Diop’s At Night All Blood is Black was described by the British poet George Szirtes, the 2015 International Booker winner and current International Booker judge, as “savage, wonderful, perceptive, unforgettable. Meanwhile, talking to the New York Times Diop said, “This powerful meditation on the French colonial experience was an attempt to use literature to “mov[e] people before they turn to rational explanations of history.” Adding a comment of their own the New York Times revealed,”More than a century after World War One, a great new African writer is asking these questions in a spare yet extraordinary novel about this bloody stain on human history,”

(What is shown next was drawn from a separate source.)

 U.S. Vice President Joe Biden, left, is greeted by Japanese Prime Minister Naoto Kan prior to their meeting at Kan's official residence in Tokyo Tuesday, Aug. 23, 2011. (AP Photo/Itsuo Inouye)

The Star Tribune summed up the book by saying “Though short, it is an impressive, propulsive read, one that searingly evokes the terrors of trench warfare, the relentless loss of life, and the irreparable damage inflicted on the human soul.”

Hughes-Hallett too, acknowledging the violence in the book said that she hoped the violence would not put off prospective readers. “You can read the last act of King Lear when the bodies are piling up on stage and still be responding not just to the horror but the great beauty of the language,” she said.

“This book does what the best poetry does, entering the reader’s consciousness at a level that bypasses rationality and transcends the subject matter. So yes indeed, you are reading about horrible mutilations and a soldier going mad … but all the same, the whole tragedy relies on this dichotomy, of the awfulness of what you are being told and the beauty of how it is being expressed. So there is a great deal of pleasure to be had from this novel.” Though tastes may differ, I would rather not immerse myself in such a blood-bath just for the beauty of the language that cloaks horrible mutilations, especially when it refers to an event that took place long before any of us were born.

It also remains to be said, that when the Booker announced, “All the judges read all the 123 books written in dozens of languages entered for this year’s prize before a shortlist of six was announced in April,” they do not mention whether they read the original text of the translated books too. If they do not know what the original author wrote, can their decision, based solely on the translated text which might be totally different from what the original author said, and which might be ‘domesticated’ to borrow Lawrence Venuti’s term to match the views of English readers be crowned as the best translation, 2021? Over to you, Hughes-Hallett.